ファンの方は、写真とか情報を見れるから、いいですね〜。」
「ネットは実態がよく分からなくて。。。
それより、撮影会とかの方がライブ感があって楽しいです!」
「それじゃあ〜、SNSより舞台とか歌手とか向いているかもですね〜。」
「そうそう、多くの女優さんは腹巻きを使っていると聞いたことがあります。
お肌の具合は、胃腸の腸とリンクしているんですよ。だから、納豆を毎日食べたり、食事も大切です。
お年ごろなんで、ダイエットとかも興味あるかな?」
「それは、もうよく調べたりしますよ。」
「ですよね〜!
「食事は普通に栄養素をバランス良く食べて、やはり運動です。体を動かす習慣を作ることが重要です。お散歩でも、水泳でも、いいですよ。

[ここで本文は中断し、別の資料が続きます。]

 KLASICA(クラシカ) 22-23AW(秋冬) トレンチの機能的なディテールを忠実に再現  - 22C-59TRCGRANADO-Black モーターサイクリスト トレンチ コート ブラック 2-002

とある女優さんは子育ても忙しく、ジムにも行けず、毎日ラジオ体操をしているそうです。あれは全身の筋肉を動かすので、オレもおすすめします。」
「それと、睡眠が何気に重要です。7時間以上は寝てください。
睡眠中に脳の奥にある下垂体から出る成長ホルモンが細胞を成長させて再生を助けたり、筋肉を維持・増やしたり、そして、脂肪を分解して燃焼させます。

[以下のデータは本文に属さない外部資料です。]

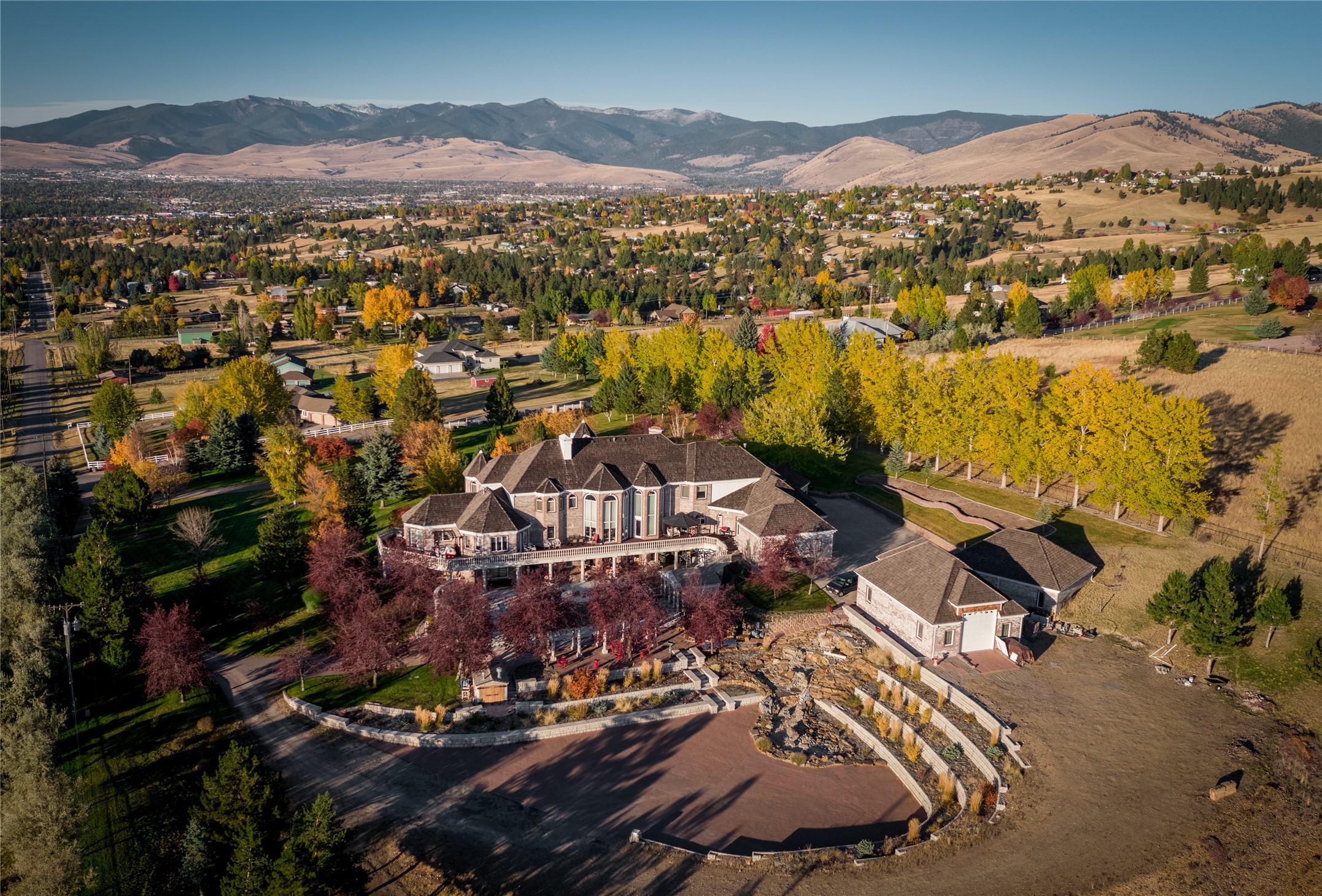 3495 Loraine Drive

るいちゃんのお仕事にも関係するお肌の弾力性を保って、若さを維持します。
成長ホルモンはペプチドと呼ばれるアミノ酸が数個結合したタンパク質なんで、その材料となる玉子やお豆腐、お肉、お魚も食べましょう。」
「最近の若者はスタイルを気にして、食べる量が少なく、低栄養や栄養失調になったりする方がいます。

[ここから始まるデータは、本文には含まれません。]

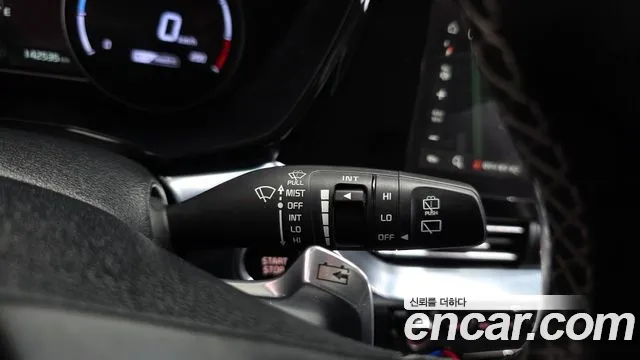 Kia Niro — Фото автомобиля 29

特に脳細胞が低栄養状態になると、ウツ病になりやすくなったりします。メンタル的にも症状が現れますので、注意が必要です。」
「私、ロケで行った先の料理が好きなんです。奄美大島の鶏飯と油そうめんを楽しみにしてますよ。」
「食事面は大丈夫そうですね。
それと、気にされてた首肩のコリについては、いわゆる、スマホ首です。
ストレートネックとも言いますけど、正常な頚椎は生理湾曲しているんですが、悪い姿勢を長く続けると頚椎が真っ直ぐになってきます。
症状は頭痛やめまいとかが出てきますよ。」
「私の場合、そこまでいってないです。
対策というか、治し方はあるんですか?」
「スマホを使用する時は、下を向かないように目線の高さまで上げて使用すること、それから長時間の連続使用は避けて、たまに空や天井を見上げて、逆の動きをすることも重要ですね。」
「ちょっと猫背気味になってるのも、気になるんです。」
「それは胸椎が影響してますので、姿勢を正して、一日に何度か深呼吸をしてください。
息を吸い込みにくい場合は、舌を上顎にべったり付けて、少し舌に力を入れて深呼吸してみてくださいね。そうすると、横隔膜が動きやすくなります。これは武道でやる秘伝なんですよ。
それから、うつ伏せで寝ることも効果的です。肺は構造的に背中側に広がってますので、効率よく呼吸できます。特に、息を吐き出しやすくなります。
これらを組み合わせてやってみてくださいね。」
るいちゃんは小上がりから降りて、立ち上がって、微笑んだ。
「先生、いろいろありがとうございます!」
「あっ、思い出した!
コンビニのマンガ雑誌の表紙の子だ!」
「ふふっ、知っていただいて、良かったです!」
るいちゃんは笑っていた。
「ご活躍、応援してますよ!」
マネージャーさんが会計している間、るいちゃんはモフモフちゃんの頭から背中を楽しそうに撫でていた。
帰りの準備が整うと、
「ありがとうございました〜!」
と元気な挨拶で、るいちゃんとマネージャーさんが店を出て行った。